Actuellement, plus de 460 institutions petites et grandes – universités, communes, organisations philanthropiques, communautés religieuses, fonds de pension, etc. – ont renoncé à investir dans le charbon ou plus largement dans les énergies fossiles. Parmi elles figure le groupe britannique The Guardian, qui édite le quotidien du même nom et qui anime la campagne «Keep it to the ground» («gardons-le dans le sol»). En tout, la somme des actifs détournés des énergies fossiles atteindrait 2600 milliards de dollars, d’après une estimation du cabinet de conseil en philanthropie Arabella Advisors. Mais en Suisse, aucune institution n’a pour l’heure sauté le pas. «Certaines d’entre elles jouent pourtant un rôle majeur dans le soutien à l’industrie des combustibles fossiles. Crédit Suisse et UBS se classent douzième et treizième au niveau mondial pour le montant de leurs prêts à ces entreprises», souligne Jacques Mirenowicz.

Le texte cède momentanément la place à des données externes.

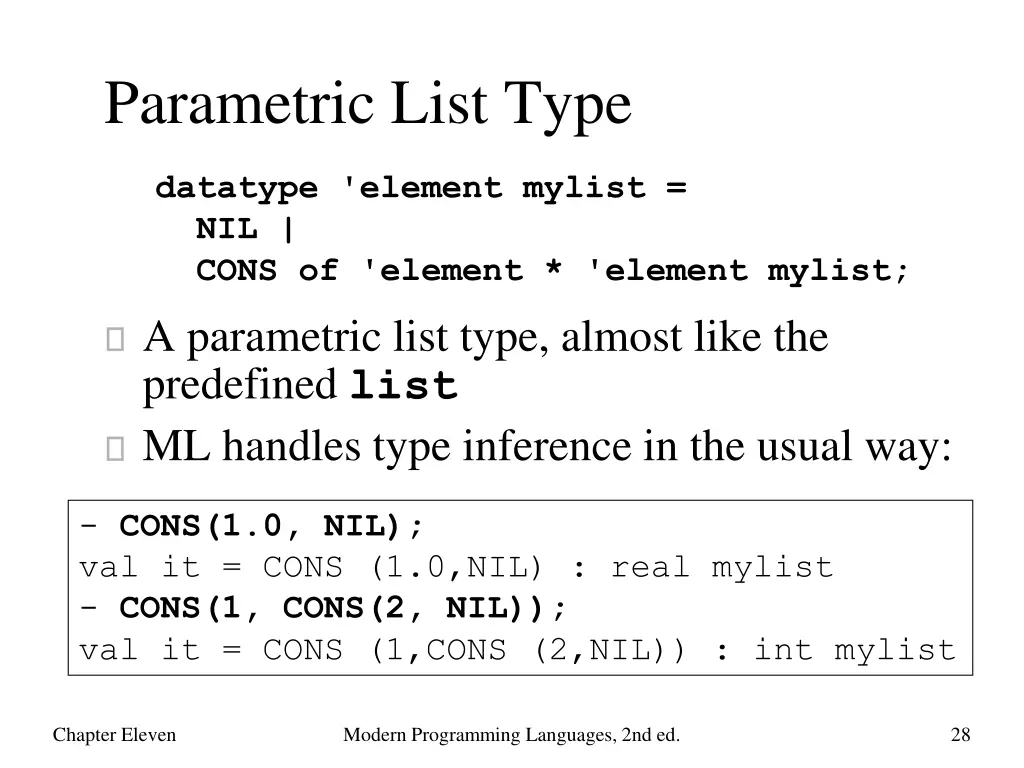 parametric list type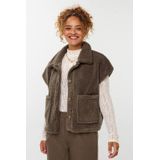 Ydence - Teddy Gilet - Donkergroen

Comment expliquer la frilosité des acteurs suisses? «La crainte d’une perte de rentabilité n’est pas justifiée: les études indiquent que les investisseurs qui renoncent aux énergies fossiles ont des performances à peu près similaires, voire légèrement meilleures, à celle des investisseurs conventionnels», relève Amandine Favier, conseillère en finance durable au WWF Suisse, qui intervenait lors d’une conférence organisée par La Revue durable le 3 novembre au Muséum d’histoire naturelle de Genève. «La recherche d’investissements alternatifs entraîne toutefois des coûts d’analyse supplémentaires, indique Roby Tschopp, directeur de l’association d’actionnaires Actares, qui promeut le développement durable dans les entreprises. D’autre part, si la performance des investissements n’est pas réduite, elle est souvent décorrélée par rapport à la tendance globale, ce qui peut être difficile à justifier.»

Une nouvelle étude, publiée il y a quelques jours par l’Office fédéral de l’environnement, pourrait cependant apporter de l’eau au moulin du désinvestissement. Basée sur l’examen des principaux fonds en actions suisses et sur celle des portefeuilles d’actions d’un groupe de caisses de pension, elle met en lumière le risque d’une «bulle de carbone» en Suisse. Car les investisseurs helvètes ne prennent pour l’heure guère en compte les émissions de CO2: «Leur comportement favorise un réchauffement global de 4 à 6°C», souligne le rapport. Pourtant, si des mesures étaient prises pour limiter le réchauffement à 2 °C, comme cela est prévu dans le cadre de la conférence de Paris, leurs investissements perdraient de la valeur, avec un impact estimé sur les caisses de pension pouvant aller jusqu’à un cinquième des rentes vieillesse actuellement versées.

Si avec de telles données, le mouvement de désinvestissement semble appeler à gagner en influence, il possède toutefois ses propres limites. D’abord, parce que les actifs vendus trouvent actuellement toujours preneurs auprès d’investisseurs peu soucieux du climat. Par ailleurs, reporter ses investissements sur des projets d’énergie renouvelable afin de favoriser la transition énergétique est ardu: les projets de ce type sont souvent de petite taille et se prêtent mal aux placements de caisses de pension. Enfin, les montants désinvestis ne suffisent pour l’heure de loin pas pour déstabiliser les grands acteurs des énergies fossiles. «Ce n’est de toute façon pas l’objectif, indique Jacques Mirenowicz, nous cherchons plutôt à mettre fin à leur influence politique nuisible.»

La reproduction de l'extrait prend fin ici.